Dans son intervention, notre avocate a dénoncé cette instruction. La Cour avait demandé à la SCEA de produire un arrêt de régularisation. Elle ne l’a pas produit du fait du refus de la préfecture. La cour devrait donc confirmer le jugement de Poitiers, mais la rapporteure se substitue à la préfecture et propose à la Cour d’annuler le jugement du TA de Poitiers et donc aussi la décision de la préfecture de juillet 2020.

 

Quel que soit l’arrêt de Bordeaux, nous continuerons l’action pour faire barrage à ce projet qui ne correspond plus aux aspirations actuelles des citoyens. Pour la protection de l’environnement, pour une agriculture paysanne, nous continuerons à combattre ce projet.

Après la succession d’accords et de refus, de quel permis de construire le porteur de projet peut-il se prévaloir ? 

Après la consultation publique et le refus de la préfecture en 2020, comment justifier l’autorisation d’exploiter ?

 

L’industriel qui porte le projet a démontré qu’il exploitait son usine de Châtellerault au mépris de l’environnement avec des rejets interdits dans la Vienne et le non-respect de l’autorisation d’exploiter. Nous avons tout à craindre des conditions dans lesquelles il conduirait l’exploitation de la ferme-usine. Il a déjà montré le non-respect du permis de construire lors des premiers travaux de terrassement. 

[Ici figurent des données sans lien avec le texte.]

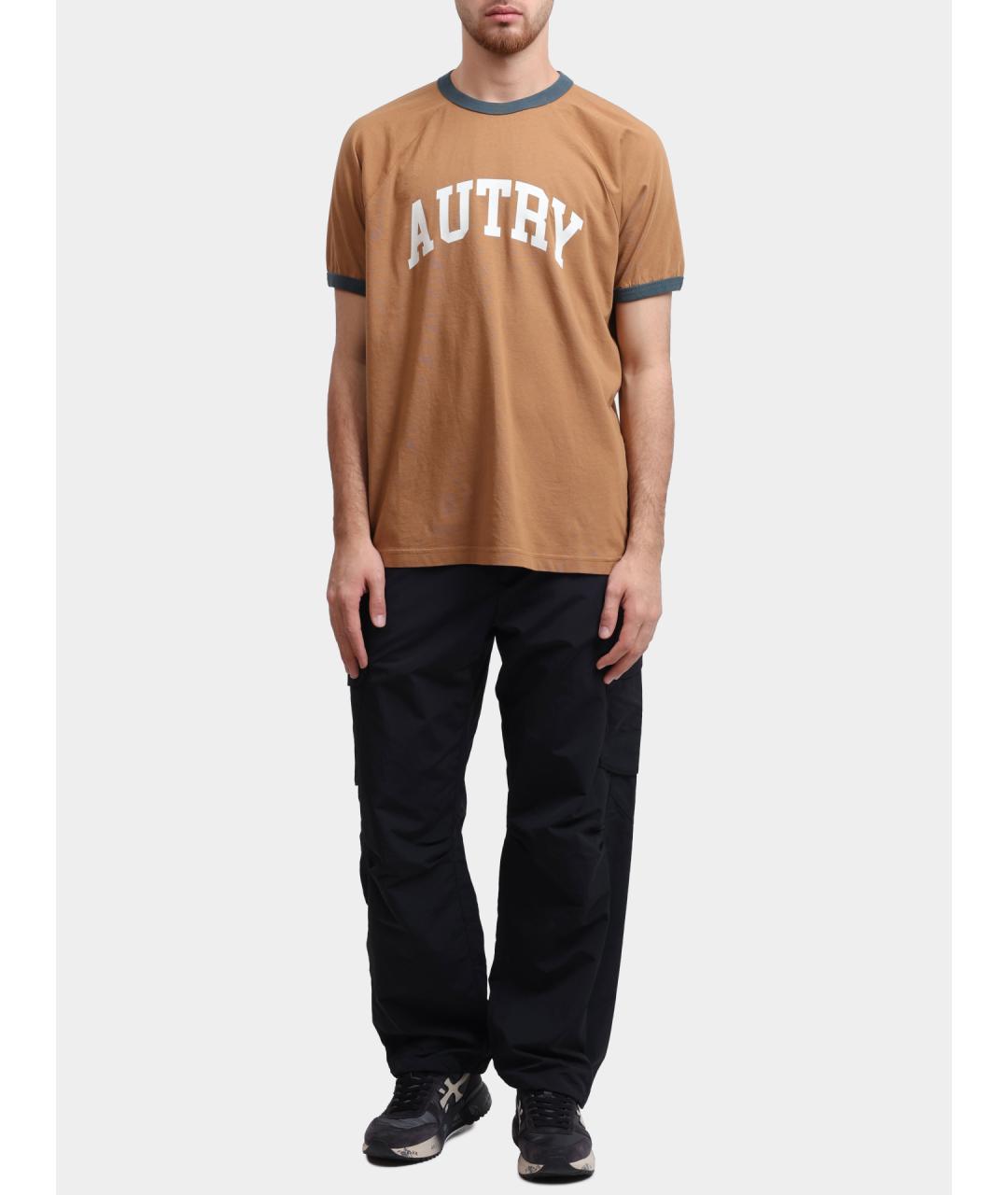 AUTRY Коричневая хлопковая футболка, фото 2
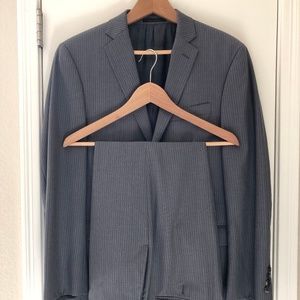 Calvin Klein Gray Pinstripe Suit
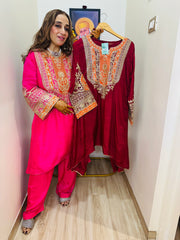 STITCHED PURE SILK ANTIQUE WORK DABKA WORK CHOGA SETS.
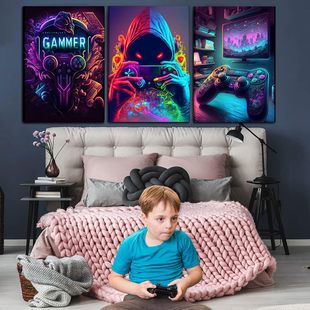 Ju Chuang Sanlian Dazzling Game Handle Headset Canvas Poster Teenager Boys Game Room Decorative Painting Spray Painting Hanging Painting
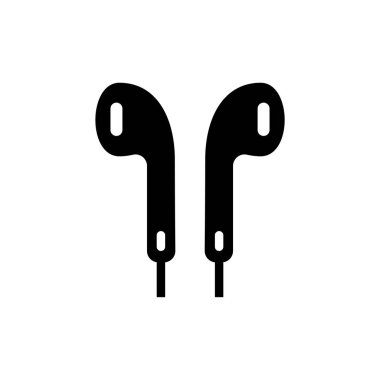 Earphones vector icon isolated on white background. 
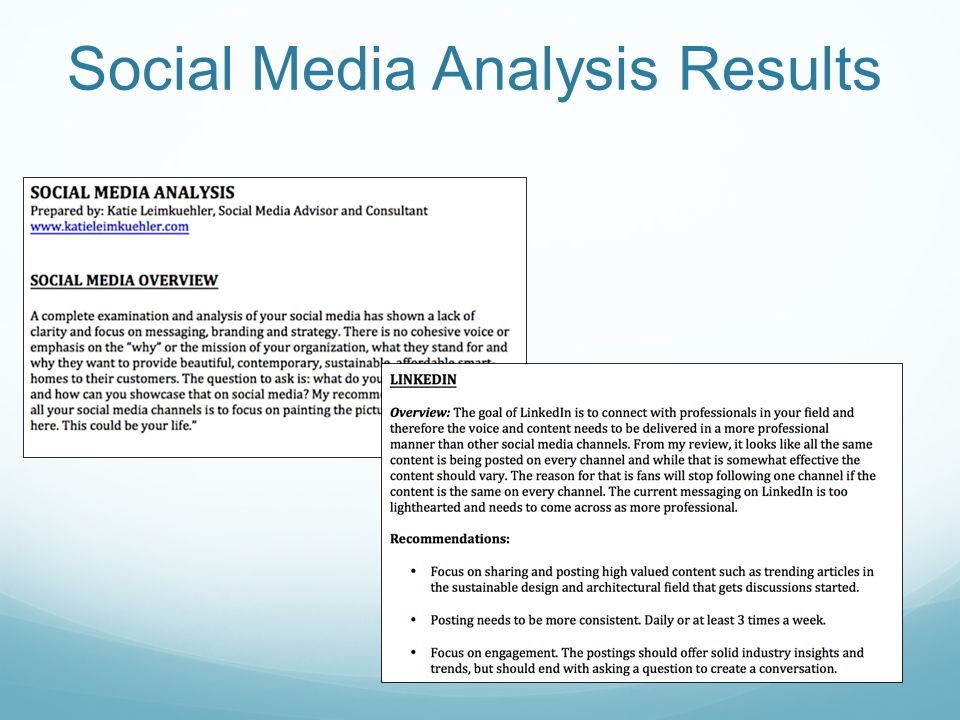 Social Media Analysis Results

Audience de la Cour d'Appel de Bordeaux le 15 décembre 2020

Suite au sursis à statuer, la Cour Administrative d’Appel de Bordeaux a inscrit à l’audience du 15 décembre 2020 à 14 h 30 l’examen du jugement rendu le 21 juin 2017 par le Tribunal Administratif de Poitiers sur :

-      Le Permis de construire SCEA Les Nauds.

-      Le Permis de construire Technique Solaire.

-      L’autorisation d’exploiter de la SCEA Les Nauds.

Restons vigilants !

 

L'arrêt du 18 décembre 2019 : site de de la Cour Administrative d'Appel

Suite à la consultation, la préfecture n'a pas régularisé  l'autorisation d'exploiter

Les services de l’Etat considèrent que les éléments apportés ne permettent pas de compléter les imprécisions relevées dans le dossier initial ni de garantir une information complète des services de l’Etat et du public. La Préfecture de la Vienne a donc informé la SCEA l es Nauds de son incapacité à régulariser le vice dans la procédure initiale d’autorisation du projet.